One the way to Pretoria, the guy had Tommy playing on his eight-track (remember them?) and the one song which gained special meaning that day was called I’m Free, an uplifting, pretty strident song on which vocalist Roger Daltrey is in full flow. It’s also a pretty pivotal moment in the movie, which stars Daltrey in the title role.

“Yes,” I thought to myself, as Daltrey triumphantly sang the words “I’m free… and I’m waiting for you to follow me”. That, and the line “… and freedom tastes of reality”, became a bit of a credo; it’s one that remains to this day.

Well, to get back to my small hour musings, one can only hope that ’21 (the current one, that is) is indeed going to be a good year, but one has to say that the omens, so far anyway, haven’t been that great.
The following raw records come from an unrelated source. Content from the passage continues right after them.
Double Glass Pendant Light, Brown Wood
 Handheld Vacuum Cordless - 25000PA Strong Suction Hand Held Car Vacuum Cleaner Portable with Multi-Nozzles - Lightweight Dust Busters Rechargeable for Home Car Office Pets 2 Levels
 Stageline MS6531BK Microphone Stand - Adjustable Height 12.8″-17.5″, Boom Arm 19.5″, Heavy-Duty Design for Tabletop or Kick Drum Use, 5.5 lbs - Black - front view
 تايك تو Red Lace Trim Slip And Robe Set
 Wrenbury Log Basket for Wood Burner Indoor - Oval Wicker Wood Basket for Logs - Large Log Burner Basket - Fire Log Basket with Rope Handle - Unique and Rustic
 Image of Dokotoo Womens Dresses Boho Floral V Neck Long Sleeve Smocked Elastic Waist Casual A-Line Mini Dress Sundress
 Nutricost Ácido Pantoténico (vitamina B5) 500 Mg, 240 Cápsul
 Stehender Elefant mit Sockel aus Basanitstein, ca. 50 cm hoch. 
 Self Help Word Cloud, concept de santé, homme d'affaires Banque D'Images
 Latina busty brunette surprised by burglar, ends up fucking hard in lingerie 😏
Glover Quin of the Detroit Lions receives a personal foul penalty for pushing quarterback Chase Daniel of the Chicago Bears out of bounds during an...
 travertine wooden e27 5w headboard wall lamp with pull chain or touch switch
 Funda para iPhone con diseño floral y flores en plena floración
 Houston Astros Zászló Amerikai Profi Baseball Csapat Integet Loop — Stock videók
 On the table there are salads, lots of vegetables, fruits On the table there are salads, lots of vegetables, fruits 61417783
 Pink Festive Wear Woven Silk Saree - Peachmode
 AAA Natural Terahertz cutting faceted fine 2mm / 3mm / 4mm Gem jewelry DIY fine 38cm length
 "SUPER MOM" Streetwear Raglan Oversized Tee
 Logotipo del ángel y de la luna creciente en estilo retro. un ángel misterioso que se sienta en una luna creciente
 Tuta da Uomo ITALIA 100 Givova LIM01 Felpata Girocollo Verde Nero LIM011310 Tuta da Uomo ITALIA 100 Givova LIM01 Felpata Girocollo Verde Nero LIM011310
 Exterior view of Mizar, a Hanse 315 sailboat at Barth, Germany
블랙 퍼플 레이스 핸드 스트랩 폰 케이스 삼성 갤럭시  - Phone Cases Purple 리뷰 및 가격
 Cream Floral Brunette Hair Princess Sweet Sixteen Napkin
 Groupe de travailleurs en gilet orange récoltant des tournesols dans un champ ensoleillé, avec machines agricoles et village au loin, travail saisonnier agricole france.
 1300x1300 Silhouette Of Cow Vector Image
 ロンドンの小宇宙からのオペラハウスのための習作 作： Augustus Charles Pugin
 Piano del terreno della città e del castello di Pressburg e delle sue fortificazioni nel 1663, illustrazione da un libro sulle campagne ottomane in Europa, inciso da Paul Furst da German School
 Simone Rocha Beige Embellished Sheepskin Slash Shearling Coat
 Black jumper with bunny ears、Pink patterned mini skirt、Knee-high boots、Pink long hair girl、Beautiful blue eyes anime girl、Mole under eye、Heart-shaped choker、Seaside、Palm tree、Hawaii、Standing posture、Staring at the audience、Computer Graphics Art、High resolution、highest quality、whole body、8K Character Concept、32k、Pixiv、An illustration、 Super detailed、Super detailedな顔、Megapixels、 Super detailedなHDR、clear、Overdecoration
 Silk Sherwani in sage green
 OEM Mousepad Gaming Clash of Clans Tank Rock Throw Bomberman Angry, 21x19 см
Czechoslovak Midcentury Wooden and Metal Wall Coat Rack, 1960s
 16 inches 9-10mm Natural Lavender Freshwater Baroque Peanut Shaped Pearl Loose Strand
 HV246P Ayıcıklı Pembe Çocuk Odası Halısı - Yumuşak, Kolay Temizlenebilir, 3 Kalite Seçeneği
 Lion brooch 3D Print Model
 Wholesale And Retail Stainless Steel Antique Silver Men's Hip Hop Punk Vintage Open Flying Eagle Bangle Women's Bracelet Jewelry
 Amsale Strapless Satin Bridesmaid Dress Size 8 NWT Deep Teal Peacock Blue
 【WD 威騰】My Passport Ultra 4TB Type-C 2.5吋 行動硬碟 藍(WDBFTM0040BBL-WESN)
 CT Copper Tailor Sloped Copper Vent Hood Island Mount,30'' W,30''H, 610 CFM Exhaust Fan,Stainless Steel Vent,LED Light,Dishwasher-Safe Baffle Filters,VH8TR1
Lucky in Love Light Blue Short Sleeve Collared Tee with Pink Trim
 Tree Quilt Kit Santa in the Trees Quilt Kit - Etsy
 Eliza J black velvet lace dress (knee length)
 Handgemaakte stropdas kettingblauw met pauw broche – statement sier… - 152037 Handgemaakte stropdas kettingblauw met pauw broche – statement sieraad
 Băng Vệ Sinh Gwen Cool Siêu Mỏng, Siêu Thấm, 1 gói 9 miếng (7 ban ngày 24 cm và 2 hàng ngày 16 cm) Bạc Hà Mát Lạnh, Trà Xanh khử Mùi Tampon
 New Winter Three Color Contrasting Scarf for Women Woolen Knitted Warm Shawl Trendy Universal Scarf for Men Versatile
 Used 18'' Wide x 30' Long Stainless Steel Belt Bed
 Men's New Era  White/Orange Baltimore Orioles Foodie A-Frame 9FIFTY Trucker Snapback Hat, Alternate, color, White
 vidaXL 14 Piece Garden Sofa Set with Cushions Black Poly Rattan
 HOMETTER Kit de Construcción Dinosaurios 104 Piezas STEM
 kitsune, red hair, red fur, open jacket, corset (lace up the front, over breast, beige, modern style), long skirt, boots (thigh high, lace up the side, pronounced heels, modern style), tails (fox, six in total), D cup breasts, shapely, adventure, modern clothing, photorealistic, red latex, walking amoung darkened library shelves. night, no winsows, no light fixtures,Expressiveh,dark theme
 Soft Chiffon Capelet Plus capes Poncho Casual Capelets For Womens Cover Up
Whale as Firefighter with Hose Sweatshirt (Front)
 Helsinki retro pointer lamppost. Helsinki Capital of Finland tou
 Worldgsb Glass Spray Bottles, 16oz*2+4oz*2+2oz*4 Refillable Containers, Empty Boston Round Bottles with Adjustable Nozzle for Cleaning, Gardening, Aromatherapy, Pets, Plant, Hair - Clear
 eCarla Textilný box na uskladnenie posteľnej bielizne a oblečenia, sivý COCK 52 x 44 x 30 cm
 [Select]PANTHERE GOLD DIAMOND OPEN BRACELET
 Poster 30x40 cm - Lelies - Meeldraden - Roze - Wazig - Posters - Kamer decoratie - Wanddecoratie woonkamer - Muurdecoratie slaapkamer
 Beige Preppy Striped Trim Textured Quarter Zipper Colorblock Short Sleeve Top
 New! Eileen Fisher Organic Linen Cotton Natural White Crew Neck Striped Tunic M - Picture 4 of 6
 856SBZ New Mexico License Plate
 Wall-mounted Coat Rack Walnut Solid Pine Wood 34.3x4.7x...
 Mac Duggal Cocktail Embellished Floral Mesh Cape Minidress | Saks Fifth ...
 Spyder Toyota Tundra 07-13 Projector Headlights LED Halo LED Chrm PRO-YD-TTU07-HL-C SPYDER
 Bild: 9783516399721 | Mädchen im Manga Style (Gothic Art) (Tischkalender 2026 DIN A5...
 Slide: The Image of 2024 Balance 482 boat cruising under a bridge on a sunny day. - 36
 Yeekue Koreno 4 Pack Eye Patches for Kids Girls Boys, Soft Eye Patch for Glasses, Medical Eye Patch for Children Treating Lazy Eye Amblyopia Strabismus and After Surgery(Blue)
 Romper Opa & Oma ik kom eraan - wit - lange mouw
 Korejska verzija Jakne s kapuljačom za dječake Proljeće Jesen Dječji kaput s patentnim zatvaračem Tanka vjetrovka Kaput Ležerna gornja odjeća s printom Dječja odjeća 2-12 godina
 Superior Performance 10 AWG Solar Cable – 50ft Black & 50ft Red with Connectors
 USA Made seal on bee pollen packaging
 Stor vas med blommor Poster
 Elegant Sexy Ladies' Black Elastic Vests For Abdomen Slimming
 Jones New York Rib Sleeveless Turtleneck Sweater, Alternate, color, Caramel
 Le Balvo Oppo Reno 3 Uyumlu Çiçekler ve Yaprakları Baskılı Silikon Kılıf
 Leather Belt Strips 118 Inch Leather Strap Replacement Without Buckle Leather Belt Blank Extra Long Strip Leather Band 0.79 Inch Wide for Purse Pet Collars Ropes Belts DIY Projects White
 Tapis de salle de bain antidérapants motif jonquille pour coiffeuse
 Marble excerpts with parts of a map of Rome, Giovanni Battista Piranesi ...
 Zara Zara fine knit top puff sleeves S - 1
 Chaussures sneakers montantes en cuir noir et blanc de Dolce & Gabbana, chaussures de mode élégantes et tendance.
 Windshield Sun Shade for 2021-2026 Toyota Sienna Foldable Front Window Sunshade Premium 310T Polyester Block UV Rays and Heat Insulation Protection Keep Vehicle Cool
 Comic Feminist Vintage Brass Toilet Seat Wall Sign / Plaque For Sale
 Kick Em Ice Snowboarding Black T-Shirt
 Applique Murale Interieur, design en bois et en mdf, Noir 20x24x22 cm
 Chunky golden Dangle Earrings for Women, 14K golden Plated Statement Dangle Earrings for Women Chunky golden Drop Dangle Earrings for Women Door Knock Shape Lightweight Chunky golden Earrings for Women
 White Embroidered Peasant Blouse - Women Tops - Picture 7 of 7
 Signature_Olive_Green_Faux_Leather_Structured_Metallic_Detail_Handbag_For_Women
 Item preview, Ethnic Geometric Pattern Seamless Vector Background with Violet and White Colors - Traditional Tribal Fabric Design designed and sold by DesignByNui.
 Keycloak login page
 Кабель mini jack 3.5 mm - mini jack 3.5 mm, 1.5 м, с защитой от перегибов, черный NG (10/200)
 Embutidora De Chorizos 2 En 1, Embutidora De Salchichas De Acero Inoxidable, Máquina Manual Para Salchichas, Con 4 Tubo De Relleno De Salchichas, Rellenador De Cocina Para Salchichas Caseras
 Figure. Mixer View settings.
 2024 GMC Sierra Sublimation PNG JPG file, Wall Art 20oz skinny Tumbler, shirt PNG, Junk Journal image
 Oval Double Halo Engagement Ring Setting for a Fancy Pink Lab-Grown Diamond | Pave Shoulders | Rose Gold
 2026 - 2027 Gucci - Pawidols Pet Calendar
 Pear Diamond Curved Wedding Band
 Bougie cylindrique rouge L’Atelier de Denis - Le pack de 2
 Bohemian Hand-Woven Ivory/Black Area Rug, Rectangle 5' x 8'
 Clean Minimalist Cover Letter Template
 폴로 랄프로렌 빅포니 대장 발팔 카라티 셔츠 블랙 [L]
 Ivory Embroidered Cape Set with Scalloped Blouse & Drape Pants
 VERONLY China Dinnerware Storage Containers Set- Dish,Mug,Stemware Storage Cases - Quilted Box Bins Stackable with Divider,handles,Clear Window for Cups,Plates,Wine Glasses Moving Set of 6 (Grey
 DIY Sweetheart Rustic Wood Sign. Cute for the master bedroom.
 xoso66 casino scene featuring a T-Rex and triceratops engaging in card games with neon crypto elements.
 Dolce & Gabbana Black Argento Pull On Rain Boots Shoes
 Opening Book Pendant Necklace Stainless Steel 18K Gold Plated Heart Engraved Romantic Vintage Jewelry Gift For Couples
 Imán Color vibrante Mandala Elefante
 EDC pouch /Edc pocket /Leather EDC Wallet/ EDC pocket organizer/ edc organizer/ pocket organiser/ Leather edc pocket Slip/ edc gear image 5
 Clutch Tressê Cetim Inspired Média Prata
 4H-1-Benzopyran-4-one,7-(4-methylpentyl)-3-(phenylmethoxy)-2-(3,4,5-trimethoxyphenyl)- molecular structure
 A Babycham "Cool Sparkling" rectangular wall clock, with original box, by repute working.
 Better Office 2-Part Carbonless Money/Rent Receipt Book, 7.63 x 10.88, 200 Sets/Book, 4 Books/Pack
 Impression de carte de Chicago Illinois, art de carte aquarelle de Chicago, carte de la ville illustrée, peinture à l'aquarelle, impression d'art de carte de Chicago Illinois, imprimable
That front-page report this week about the dire situation at the Pretoria Academic Hospital where people smitten by the coronavirus were lying on beds in the car park was sobering stuff indeed.

I think everyone owes a substantial debt of gratitude to our gallant doctors, nurses and other health workers who have been pulling out all the stops fighting to save lives.

It seems some diehards still don’t regard the pandemic as something which has any bearing on them. A couple of weeks ago, my eldest son, Gabriel, got punched on the nose by this guy he reprimanded for not wearing a mask in a pub full of other youngsters.

What really got his goat was that the other fellow uttered a racial expletive, which prompted a strong rebuke from Gabriel resulting in the fisticuffs.

It is my fervent hope that what this geezer had to say about the prevalence – or non-prevalence as far as he was concerned – of the dreaded virus isn’t common currency around these parts.

To his credit, President Cyril Ramaphosa has been playing a major part in promoting the idea of getting immunised. It is, nonetheless, a shame that the government dragged its feet in the early stages of the pandemic.

Still, happily we will be getting some super-duper vaccines, from India and China, apparently. There was some eerie footage which was shot in Wuhan, where the virus originated, on TV the other night.

So yeah, I guess we’ll have to do our bit to help ensure that 2021 does indeed turn out to be, in Mr Townshend’s words, a good year.

Or, as the other Who song has it; “See me/Feel me…”, indeed.

* RIP musician John Oakley-Smith, who was murdered in Zimbabwe this week. Well-known around the SA folk circuit, I was privileged to see him perform several times, mainly at Wits University, in the 1970s.

Thanks for the beautiful music you bequeathed to the world, John. Go well.